I picked up an old Sears Craftsman 6-1/8 Jointer Planer for $30 at a garage sale (Model 113.206931). I dug up the manual (attached) and intend to make it usable again....unless anyone can convince me it's not worth it :smile2:

Motor runs, belt is older but still works. The blades turn and really the biggest problem I see is that it's incredibly rusted out. I have the tools to refinish the metal surfaces but am wondering about the knives and perhaps the bearings in the cutting wheel. Does anyone have any recommendations on replacement knives and anything else I should be updating? Obviously this planer is hobby-grade... I am looking for similar grade parts.

I will do a full tune according to the manual once all the surfaces are refinished. Thanks!

Andy


----------



## GeorgeC (Jul 30, 2008)

I think you got a very good deal of that jointer. (not jointer/planer) I believe it is the same one I have had for the past 35+ years. Has done a good job for me.


George


----------



## anjp (May 10, 2020)

I figure once I fix it up it should serve me well also. Agreed, it's not really what we would call a modern planer but the Craftsman marketed it as a jointer/planer!


----------



## anjp (May 10, 2020)

I'm having a little trouble removing the knives to clean up the wheel. Because of all the rust they're really stuck in there. Getting the screws out was an ordeal but finally removed all 6 with WD-40 and metal-on-metal persuasion. The heads are shot but at least they're out.

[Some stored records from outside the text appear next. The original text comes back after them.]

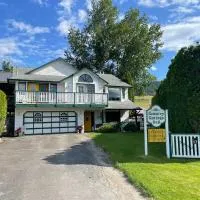 Country Cottage B&B, hotel in Vernon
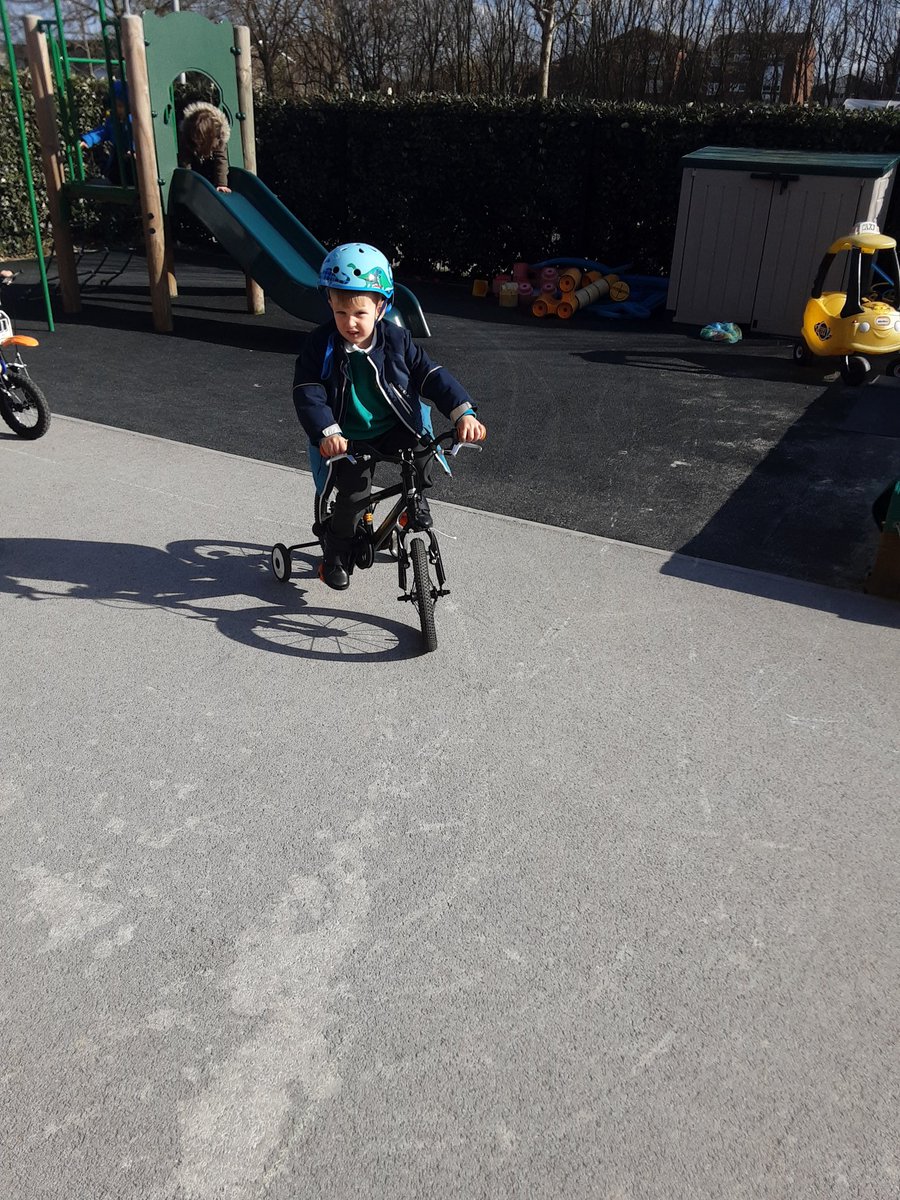 gcpfs1's tweet image. Today on our bikes we have been working on our spatial awareness @PrimaryGreat #gcpphysicaldevelopment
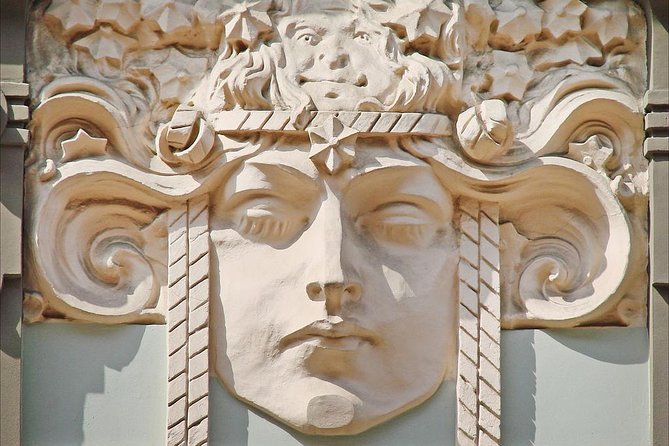 Riga walking guided Sightseeing tour - What the private format is worth
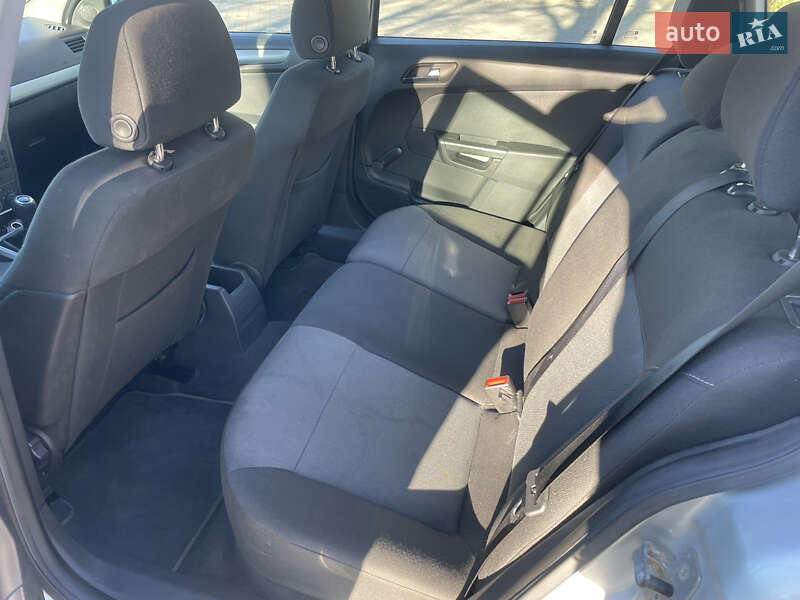 Універсал Opel Astra 2005 в Калуші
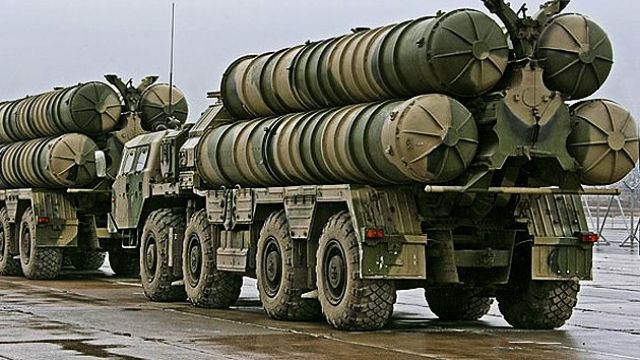 L’Iran repositionne ses systèmes de défense aérienne S-300 autour de Téhéran et Ispahan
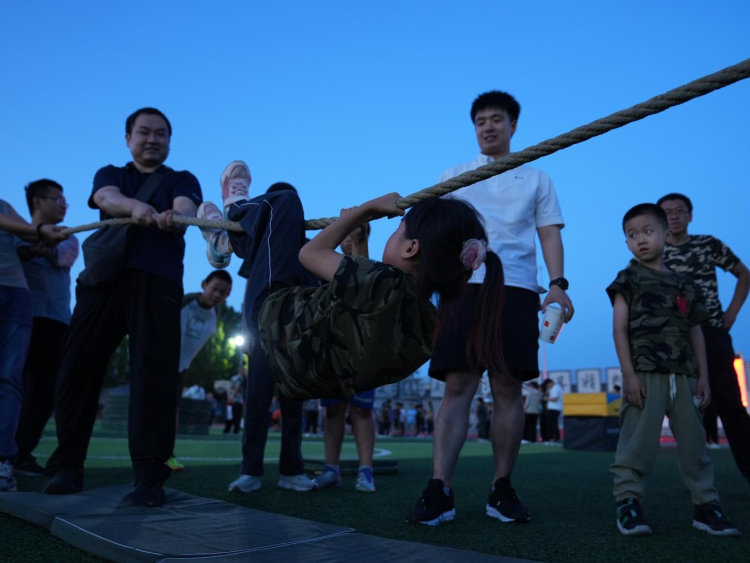 河北滄州：親子共築強軍夢 國防教育潤童心_fororder_圖片2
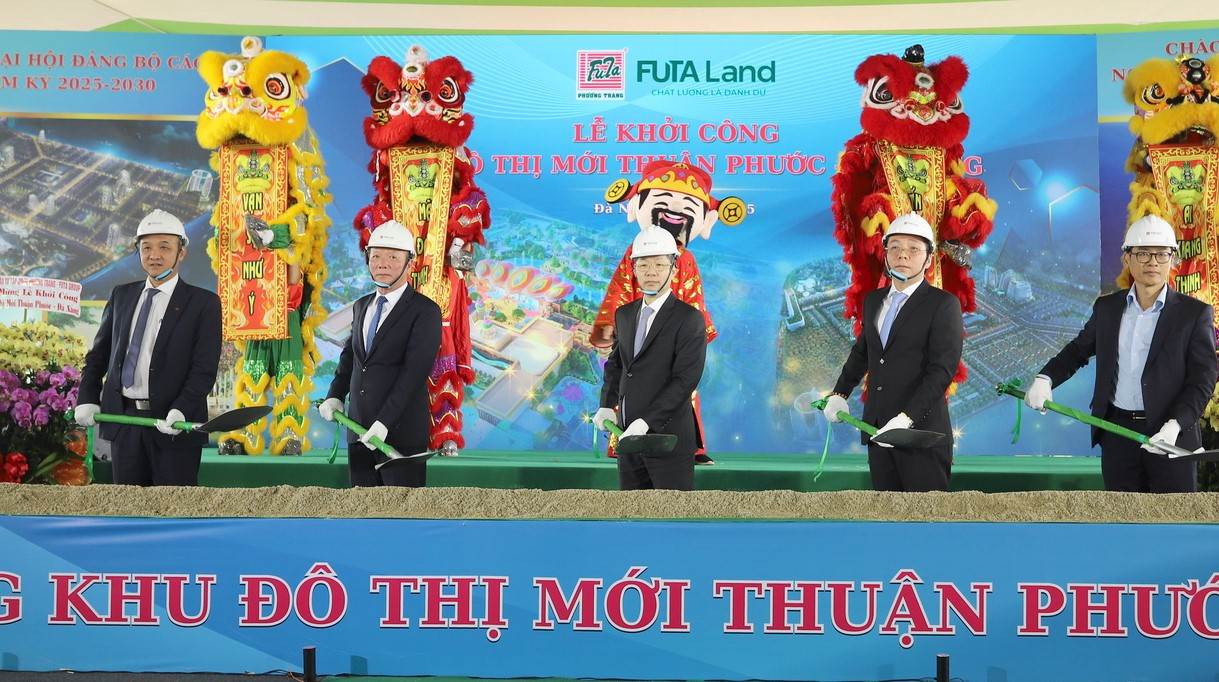 Delegates performed the groundbreaking ceremony of the Thuan Phuoc - Da Nang New Urban Area Project to celebrate the 50th anniversary of the liberation. Photo: Trinh Dinh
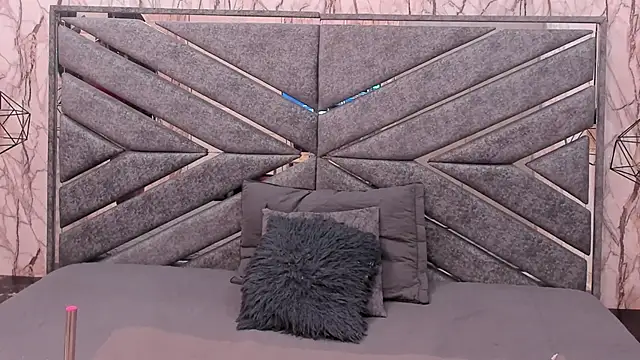 SASHA BROWNIE   online show from 9, 1, 2026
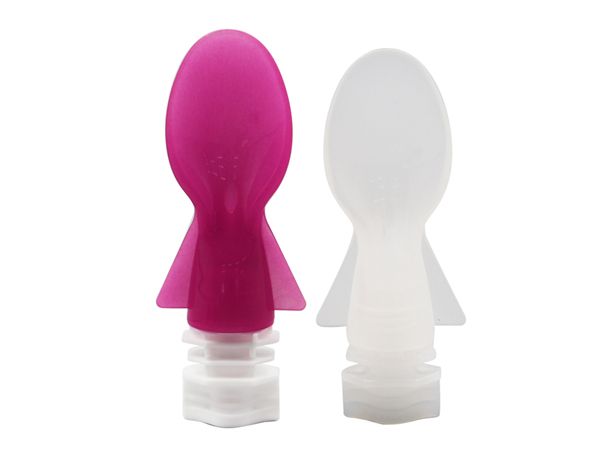 Bec verseur en plastique, LW079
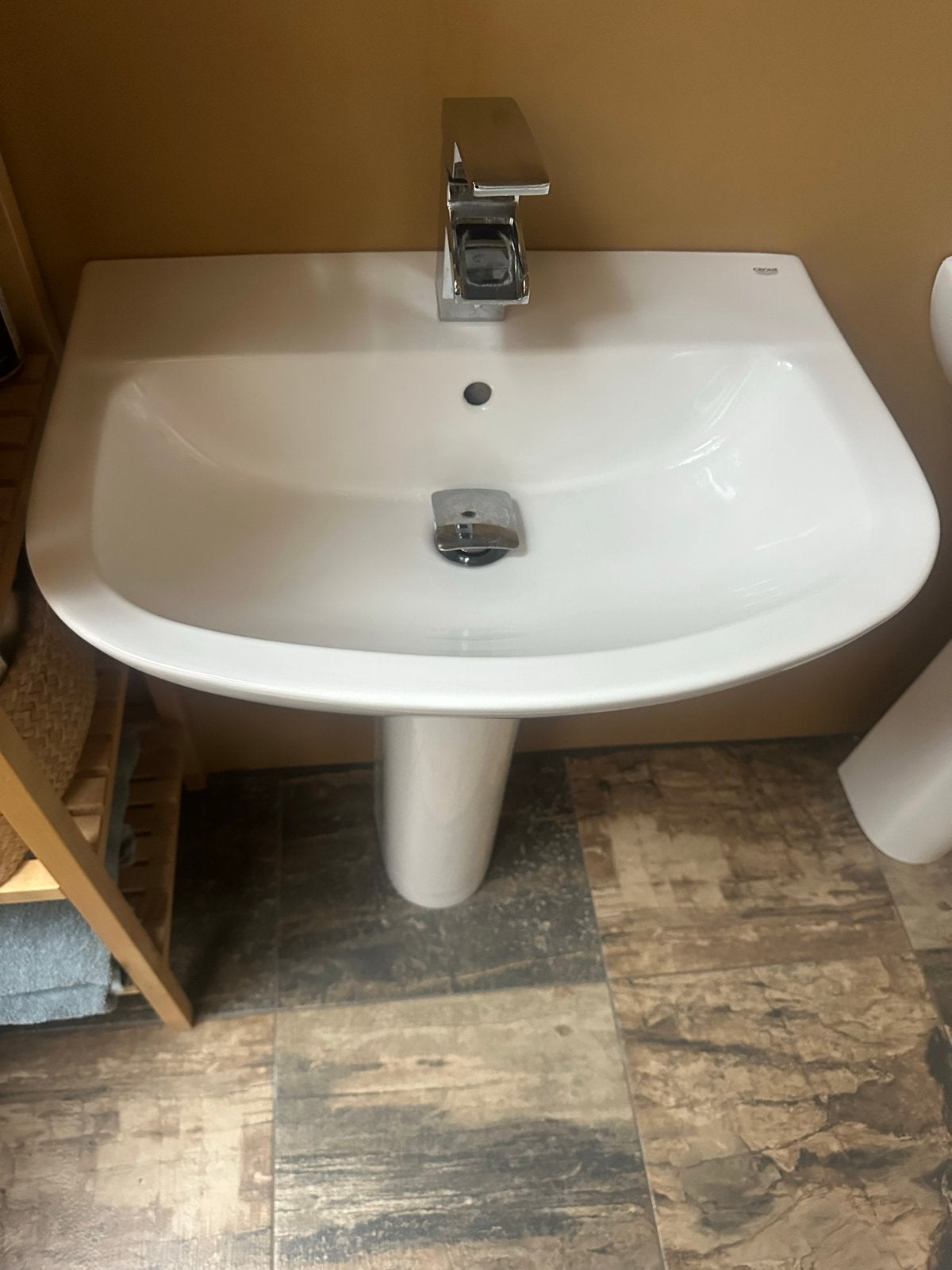 4x Grohe wastafel met kraan en zuil, Ophalen, Zo goed als nieuw, Chroom, Wastafel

The retaining wedges for each of the knives aren't coming out so easily. I removed one but the other 2 are stuck. I don't want to pry against the frame with much more force in case it damages the bearings. I'l try a torch. Any other suggestions?


----------



## ajdragon (Jul 26, 2017)

Hi


Do the set screws screw into the wedges? If so just screw some long bolts into the set screw holes and then use a piece of wood and a hammer to pry them up and out like you would pull a nail out of a piece of wood..


----------



## GeorgeC (Jul 30, 2008)

You need to use a penetrating oil vs WD-40. It is designed to get into areas like you have and assist in removing.


George


----------



## anjp (May 10, 2020)

Well, still couldn't get the knives out bit I refinished and oiled the cast surfaces and did a general set & tune. Ran a couple pieces of generic softwood through and it performed better than expected for the age & condition. I still want to replace those knives but will deal with it after I move next month. Thanks for your thoughts


----------



## kwoodhands (May 1, 2020)

After WD-40 is sprayed on the cutter head, tap the cutter head on each side of the blade. Do this several times to each blade . Let it alone for an hour or more. Then use a heat gun, not a torch on the cutter head, but not the blade. 
Heat for about 3 minutes . Tap the blade from one side , if it moves at all then pull the blade using a vice grip. 
If possible insert a screw driver in one end and try prying the blade up. I have done this once with a 16" jointer that was in an old garage for years. This jointer was a 4 blade square cutter head with Babbitt bearings. My boss got it for the taking.
Was worth the effort to restore it as a new or used 16" jointer was cost prohibited.
We cleaned up the cutter head, replaced the blades and our millwright poured new Babbitt bearings. 
mike


----------